Some Warnings about R

I want to make you aware that R has several oddities that other languages simply do not have. I will talk about many of them throughout this tutorial, but there are a few that make learning coding with R particularly difficult. First, R is too lenient, and does not give errors often enough. Very changes in code can make the program still run, but not do what you want it to do. This makes it difficult to know where the initial error is. Second, when R does give errors about code, the message is nearly always completely unhelpful in helping you identify the error. Finally, R is very inconsistent and unhelpful in how it names things. It does not follow any standard conventions for naming functions whatsoever. In addition, functions have insensible names, and totally different functions have only one-character differences (e.g., line() and lines(), where the first is a statistical analysis function and the second is for graphing).

In all reality, many data scientists are moving on from R in favor of languages like Julia and especially Python. However, some scientific circles have held on to R, continuing to make more libraries of functions that have made and will make significant scientific advancements. Thus, learning R is still a valuable use of your time, even if it is slow and has notable peculiarities.

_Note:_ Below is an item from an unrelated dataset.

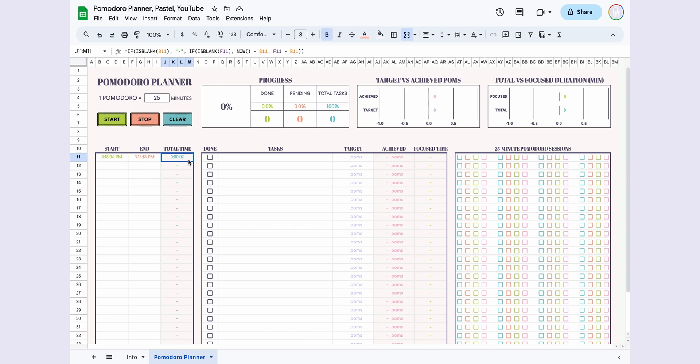Total time is also calculated automatically. When you press the Clear button, the entire page resets and becomes ready for reuse. You can use it daily or weekly and set up to 25 tasks.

You should feel comforted by the fact that once you learn one coding language well, you are significantly more capable of learning other coding languages. Even if your field starts to migrate to a different language part-way through your career, you will not need to put in nearly as much effort into learning the new language.

Conclusion

Remember that coding is an incredible tool, and is worth your attention. It is empowering and will help you in scientific investigation. I have made this tutorial in hopes to provide you with a resource to help you learn coding with R from scratch, which is not easy. However, with diligent efforts, I believe everyone can get a grasp on these topics. Have fun and explore your curiosities!